Truths Behind Child Support Myths

Child support is a topic that many parents are familiar with on some level. However, a number of myths surround this topic, and some of what people think to be fact might actually be inaccurate. As someone who makes or receives child support payments, you should comb through the myths and get to know the true facts. This will help you to gain a better understanding of what child support is so that you can better uphold your child's best interests. Take a look at the truths behind a few common myths surrounding child support.

Truth: Child support payment totals are calculated based on guidelines specific to your state.

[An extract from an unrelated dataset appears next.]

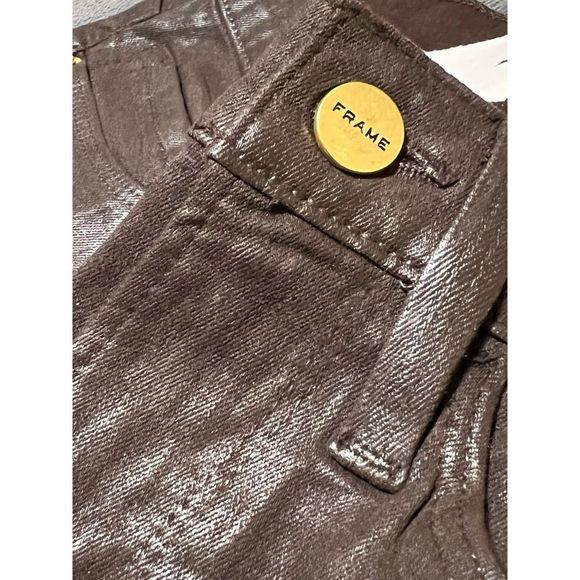 NWT FRAME Chocolate Brown Coated Jeans Denim Pants Size 26 - Picture 15 of 16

Some people believe that child support payment totals are always calculated the same way regardless of factors like location. Other people believe that parents can simply decide on their own how much to pay in child support. Both of these myths are debunked by the fact that each state has its own specific guidelines for calculating how much child support needs to be paid within a family. These guidelines focus on upholding the best interests of children as well as to maintain their lifestyle as closely to what they have been used to prior to the parents' split. To calculate child support, many states uses a formula that considers factors like the income of each parent; the child's expenses for things like education and health care; the amount of time that each parent spend with their child; and more. While the formulas and guidelines are somewhat similar across the board, there may be specific differences which vary from state to state. This makes it very important that you understand the guidelines specific to your state so that you are clear about how your child support payment totals were calculated. 

Truth: It is possible for child support payment totals to be reviewed and adjusted.

Once child support payment totals are calculated and approved by the court, they will be enforced at those amounts. Nevertheless, the belief that these initial totals are forever concrete isn't completely accurate. Parents can request the court to review and adjust their child support payment totals if circumstances call for it. Child support payments are meant to support parents as they uphold the best interests of their child. As a child grows older and their needs change, so will their expenses. Depending on how their needs change, it may also call for child support payment totals to increase or decrease. If you're making or receiving child support and feel as though the payment totals should be adjusted to better fit your child's needs, speak with your attorney. They can help you to understand what the process of requesting a review would entail in your state. 

Truth: Parents with shared custody may still deal with child support payments.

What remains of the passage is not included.